STATEMENT OF THE FACTS AND CASE {¶ 2} On July 30, 2003, plaintiff-appellant Lisa Rickels filed a civil complaint against Captain Woody's Pub Grub, 1055 Avondale Inc. dba Captain Woody's Pub, Joe Marasco and Walter Hostasa. The complaint was based upon the following factual assertions. On August 30, 2002, appellant was one of several guests on a boat on Buckeye Lake. The boat was owned by Bernard and Deborah Ratcliff. Appellant and the other occupants of the boat approached the dock of Captain Woody's Pub Grub (a restaurant) to participate in a breakfast party. Defendants-appellees Walter and Debby Hostasa and W.M. Hostasa, are the owners and lessors of the property in which Captain Woody's is located. Appellee 1055 Avondale Inc. dba Captain Woody's Pub [hereinafter Avondale] is the owner of the restaurant and lessee of the property. Appellant was at Captain Woody's for approximately two and one half hours, when at least a portion of the dock shifted and broke. Shortly thereafter, appellant stepped onto the dock, while attempting to assist another person that had fallen off the dock and into the water. When appellant did so, the dock moved and appellant fell. Appellant's wrist was injured in the fall.

{¶ 3} The complaint was eventually amended to add Debbie Hostasa, W.M. Hostasa Co., Robert Mar, Robert Fusner, Erie Insurance Co. (as insurer of Walter Hostasa and/or Debbie Hostasa and/or W.M. Hostasa Co., covering the Captain Woody's premises) and Nautilus Insurance Co. (as insurer of Avondale and/or Robert Mar and/or Joseph Marasco and/or Robert Fusner, covering the Captain Woody's premises). Further, appellee Avondale filed a third party complaint against Bernard and Deborah Ratcliff.
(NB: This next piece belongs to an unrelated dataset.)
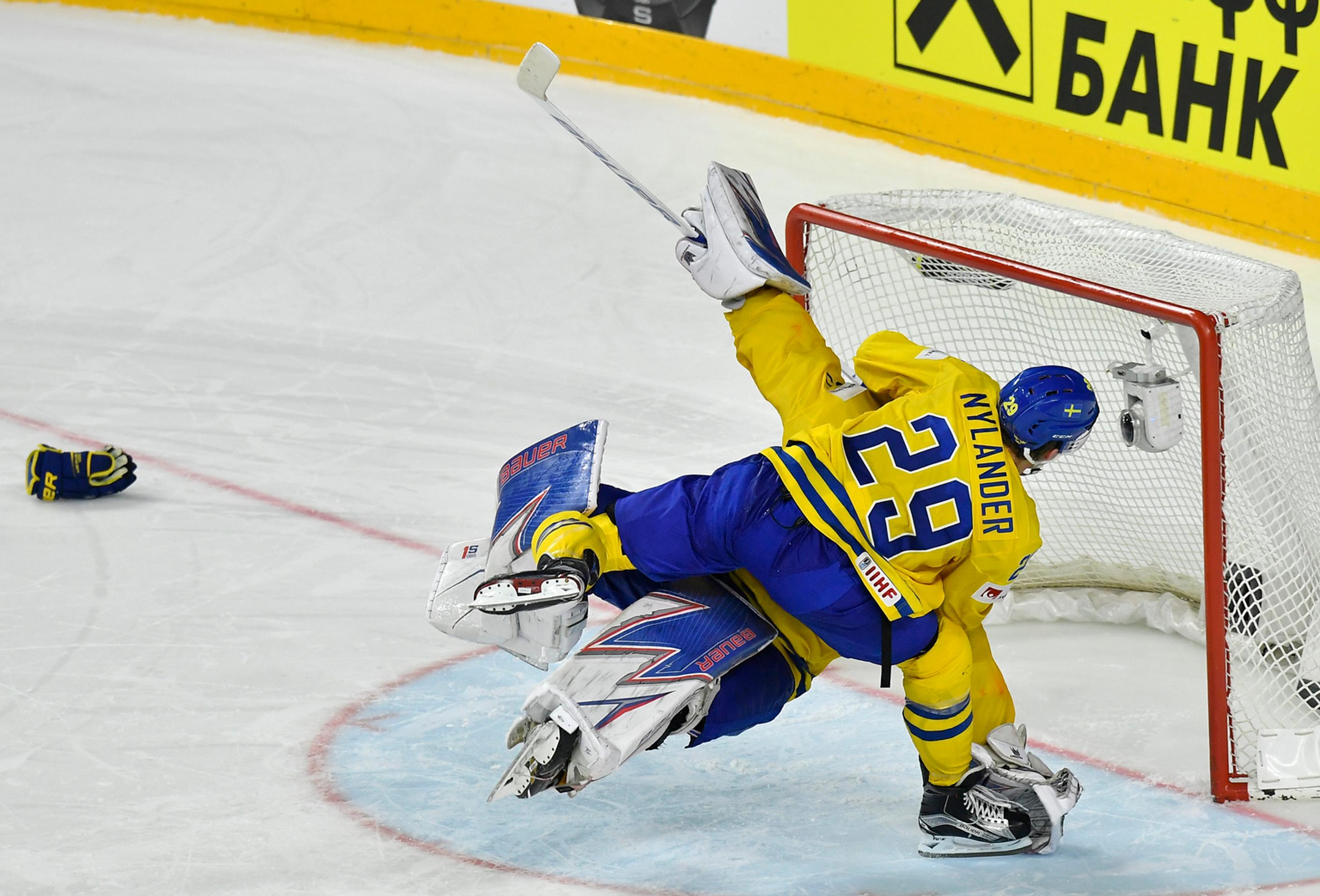 William Nylander a Henrik Lundqvist oslavujú víťazstvo na Kanadou.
{¶ 4} On June 15, 2005, defendants-appellees Walter Hostasa, Debby Hostasa and W.M. Hostasa, Co. filed a motion for summary judgment. Subsequently, on June 24, 2005, defendants-appellees 1055 Avondale, Inc., Robert Mar, Robert Fusner and Joe Morasco filed a motion for summary judgment.

{¶ 5} On September 8, 2005, the trial court granted summary judgment in favor of Walter Hostasa, Debby Hostasa, and W.M. Hostasa, Co. and 1055 Avondale, Inc., Robert Mar, Robert Fusner, Joseph Marasco and Bernard and Deborah Ratcliff. The trial court based its decision on its finding that appellant's alleged injuries were the "result of her contact with an open and obvious condition as a matter of law." Sept. 8, 2005, Judgment Entry, pg. 4. The trial court noted that in her deposition, appellant acknowledged that she was aware that the crowded dock was unsafe and that she had been on boats and docks in the past and was familiar with them.

{¶ 6} It is from the September 8, 2005, Judgment Entry that appellant appeals, raising the following assignments of error:

{¶ 7} "I. THE TRIAL COURT ERRED IN APPLYING INAPPROPRIATE STANDARDS FOR DECIDING THE MOTION FOR SUMMARY JUDGMENT.

{¶ 8} "II. THE TRIAL COURT ERRED IN FINDING THAT THERE WERE NO GENUINE ISSUES OF MATERIAL FACT AS TO WHETHER THE CONDITION WHICH CAUSED PLAINTIFF-APPELLANT INJURY WAS OPEN AND OBVIOUS."

II {¶ 9} This court will address appellant's second assignment of error first since this court finds it to be dispositive of the appeal. In the second assignment of error, appellant argues that the trial court erred when it found there were no genuine issues of material fact as to whether the condition of the dock was open and obvious as a matter of law. We agree.

{¶ 10} This matter reaches us upon a grant of summary judgment. Summary judgment proceedings present the appellate court with the unique opportunity of reviewing the evidence in the same manner as the trial court. Smiddy v. The Wedding Party,Inc. (1987), 30 Ohio St.3d 35, 36, 506 N.E.2d 212. As such, we must refer to Civ.R. 56(C) which provides the following, in pertinent part: "Summary judgment shall be rendered forthwith if the pleadings, depositions, answers to interrogatories, written admissions, affidavits, transcripts of evidence in the pending case and written stipulations of fact, if any, timely filed in the action, show that there is no genuine issue as to any material fact and that the moving party is entitled to judgment as a matter of law. . . . A summary judgment shall not be rendered unless it appears from such evidence or stipulation, and only from the evidence or stipulation, that reasonable minds can come to but one conclusion and that conclusion is adverse to the party against whom the motion for summary judgment is made, such party being entitled to have the evidence or stipulation construed most strongly in the party's favor."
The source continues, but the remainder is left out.